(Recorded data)
=== Begin Enclosure ===

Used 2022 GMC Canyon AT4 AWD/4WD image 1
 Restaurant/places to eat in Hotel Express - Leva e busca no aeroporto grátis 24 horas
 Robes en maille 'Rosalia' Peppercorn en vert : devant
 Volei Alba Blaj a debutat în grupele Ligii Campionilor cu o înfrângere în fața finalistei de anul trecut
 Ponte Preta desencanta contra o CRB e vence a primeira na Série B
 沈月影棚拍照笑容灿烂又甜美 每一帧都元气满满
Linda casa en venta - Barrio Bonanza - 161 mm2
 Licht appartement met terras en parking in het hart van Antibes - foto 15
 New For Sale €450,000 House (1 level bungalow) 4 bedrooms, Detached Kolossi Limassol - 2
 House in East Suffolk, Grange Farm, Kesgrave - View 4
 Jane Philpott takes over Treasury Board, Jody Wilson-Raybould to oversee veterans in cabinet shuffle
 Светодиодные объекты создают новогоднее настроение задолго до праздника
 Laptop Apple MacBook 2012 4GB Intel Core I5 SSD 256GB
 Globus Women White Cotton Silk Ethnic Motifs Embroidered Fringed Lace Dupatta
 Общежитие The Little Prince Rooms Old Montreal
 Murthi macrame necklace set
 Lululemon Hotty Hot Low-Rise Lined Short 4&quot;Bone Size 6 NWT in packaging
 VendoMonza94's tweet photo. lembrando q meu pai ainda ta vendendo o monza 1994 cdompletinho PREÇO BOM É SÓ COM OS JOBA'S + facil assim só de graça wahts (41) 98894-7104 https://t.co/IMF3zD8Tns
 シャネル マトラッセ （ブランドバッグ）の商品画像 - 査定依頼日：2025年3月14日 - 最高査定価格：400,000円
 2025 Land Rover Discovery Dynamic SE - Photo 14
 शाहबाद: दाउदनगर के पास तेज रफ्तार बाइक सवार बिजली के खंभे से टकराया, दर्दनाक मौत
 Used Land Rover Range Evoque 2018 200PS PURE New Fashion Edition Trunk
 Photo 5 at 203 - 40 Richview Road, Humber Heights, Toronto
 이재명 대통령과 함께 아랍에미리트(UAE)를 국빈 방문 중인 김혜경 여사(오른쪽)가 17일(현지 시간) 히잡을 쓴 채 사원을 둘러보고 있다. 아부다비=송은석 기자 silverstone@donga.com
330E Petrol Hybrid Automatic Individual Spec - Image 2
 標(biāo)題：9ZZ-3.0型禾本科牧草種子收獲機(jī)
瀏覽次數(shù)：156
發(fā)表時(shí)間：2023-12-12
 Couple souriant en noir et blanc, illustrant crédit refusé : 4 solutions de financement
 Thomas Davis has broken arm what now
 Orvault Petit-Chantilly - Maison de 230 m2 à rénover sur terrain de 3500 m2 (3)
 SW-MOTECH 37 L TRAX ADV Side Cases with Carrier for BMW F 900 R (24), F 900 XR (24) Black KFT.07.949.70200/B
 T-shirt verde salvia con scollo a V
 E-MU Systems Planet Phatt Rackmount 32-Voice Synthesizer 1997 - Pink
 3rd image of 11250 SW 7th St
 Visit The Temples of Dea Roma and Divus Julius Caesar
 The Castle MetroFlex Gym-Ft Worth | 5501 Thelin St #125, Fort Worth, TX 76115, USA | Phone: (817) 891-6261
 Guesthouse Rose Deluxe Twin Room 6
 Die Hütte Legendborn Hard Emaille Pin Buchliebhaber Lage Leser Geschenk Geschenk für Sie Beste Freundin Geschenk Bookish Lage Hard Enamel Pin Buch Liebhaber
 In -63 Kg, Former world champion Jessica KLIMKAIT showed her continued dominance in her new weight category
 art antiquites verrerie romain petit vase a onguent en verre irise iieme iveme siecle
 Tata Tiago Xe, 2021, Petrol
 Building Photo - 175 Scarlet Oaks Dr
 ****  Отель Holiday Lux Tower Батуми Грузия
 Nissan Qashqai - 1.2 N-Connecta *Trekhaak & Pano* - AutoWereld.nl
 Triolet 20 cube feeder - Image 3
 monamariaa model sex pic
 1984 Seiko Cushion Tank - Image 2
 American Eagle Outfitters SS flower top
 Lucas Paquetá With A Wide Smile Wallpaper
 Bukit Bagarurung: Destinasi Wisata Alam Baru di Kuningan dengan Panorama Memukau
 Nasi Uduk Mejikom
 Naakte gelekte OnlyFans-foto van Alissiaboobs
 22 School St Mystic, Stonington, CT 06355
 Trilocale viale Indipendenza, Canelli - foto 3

=== End Enclosure ===

ACTION ITEM: An exact, complete copy of the records is the expected answer.

RESULT OF THE TASK:
Used 2022 GMC Canyon AT4 AWD/4WD image 1
 Restaurant/places to eat in Hotel Express - Leva e busca no aeroporto grátis 24 horas
 Robes en maille 'Rosalia' Peppercorn en vert : devant
 Volei Alba Blaj a debutat în grupele Ligii Campionilor cu o înfrângere în fața finalistei de anul trecut
 Ponte Preta desencanta contra o CRB e vence a primeira na Série B
 沈月影棚拍照笑容灿烂又甜美 每一帧都元气满满
Linda casa en venta - Barrio Bonanza - 161 mm2
 Licht appartement met terras en parking in het hart van Antibes - foto 15
 New For Sale €450,000 House (1 level bungalow) 4 bedrooms, Detached Kolossi Limassol - 2
 House in East Suffolk, Grange Farm, Kesgrave - View 4
 Jane Philpott takes over Treasury Board, Jody Wilson-Raybould to oversee veterans in cabinet shuffle
 Светодиодные объекты создают новогоднее настроение задолго до праздника
 Laptop Apple MacBook 2012 4GB Intel Core I5 SSD 256GB
 Globus Women White Cotton Silk Ethnic Motifs Embroidered Fringed Lace Dupatta
 Общежитие The Little Prince Rooms Old Montreal
 Murthi macrame necklace set
 Lululemon Hotty Hot Low-Rise Lined Short 4&quot;Bone Size 6 NWT in packaging
 VendoMonza94's tweet photo. lembrando q meu pai ainda ta vendendo o monza 1994 cdompletinho PREÇO BOM É SÓ COM OS JOBA'S + facil assim só de graça wahts (41) 98894-7104 https://t.co/IMF3zD8Tns
 シャネル マトラッセ （ブランドバッグ）の商品画像 - 査定依頼日：2025年3月14日 - 最高査定価格：400,000円
 2025 Land Rover Discovery Dynamic SE - Photo 14
 शाहबाद: दाउदनगर के पास तेज रफ्तार बाइक सवार बिजली के खंभे से टकराया, दर्दनाक मौत
 Used Land Rover Range Evoque 2018 200PS PURE New Fashion Edition Trunk
 Photo 5 at 203 - 40 Richview Road, Humber Heights, Toronto
 이재명 대통령과 함께 아랍에미리트(UAE)를 국빈 방문 중인 김혜경 여사(오른쪽)가 17일(현지 시간) 히잡을 쓴 채 사원을 둘러보고 있다. 아부다비=송은석 기자 silverstone@donga.com
330E Petrol Hybrid Automatic Individual Spec - Image 2
 標(biāo)題：9ZZ-3.0型禾本科牧草種子收獲機(jī)
瀏覽次數(shù)：156
發(fā)表時(shí)間：2023-12-12
 Couple souriant en noir et blanc, illustrant crédit refusé : 4 solutions de financement
 Thomas Davis has broken arm what now
 Orvault Petit-Chantilly - Maison de 230 m2 à rénover sur terrain de 3500 m2 (3)
 SW-MOTECH 37 L TRAX ADV Side Cases with Carrier for BMW F 900 R (24), F 900 XR (24) Black KFT.07.949.70200/B
 T-shirt verde salvia con scollo a V
 E-MU Systems Planet Phatt Rackmount 32-Voice Synthesizer 1997 - Pink
 3rd image of 11250 SW 7th St
 Visit The Temples of Dea Roma and Divus Julius Caesar
 The Castle MetroFlex Gym-Ft Worth | 5501 Thelin St #125, Fort Worth, TX 76115, USA | Phone: (817) 891-6261
 Guesthouse Rose Deluxe Twin Room 6
 Die Hütte Legendborn Hard Emaille Pin Buchliebhaber Lage Leser Geschenk Geschenk für Sie Beste Freundin Geschenk Bookish Lage Hard Enamel Pin Buch Liebhaber
 In -63 Kg, Former world champion Jessica KLIMKAIT showed her continued dominance in her new weight category
 art antiquites verrerie romain petit vase a onguent en verre irise iieme iveme siecle
 Tata Tiago Xe, 2021, Petrol
 Building Photo - 175 Scarlet Oaks Dr
 ****  Отель Holiday Lux Tower Батуми Грузия
 Nissan Qashqai - 1.2 N-Connecta *Trekhaak & Pano* - AutoWereld.nl
 Triolet 20 cube feeder - Image 3
 monamariaa model sex pic
 1984 Seiko Cushion Tank - Image 2
 American Eagle Outfitters SS flower top
 Lucas Paquetá With A Wide Smile Wallpaper
 Bukit Bagarurung: Destinasi Wisata Alam Baru di Kuningan dengan Panorama Memukau
 Nasi Uduk Mejikom
 Naakte gelekte OnlyFans-foto van Alissiaboobs
 22 School St Mystic, Stonington, CT 06355
 Trilocale viale Indipendenza, Canelli - foto 3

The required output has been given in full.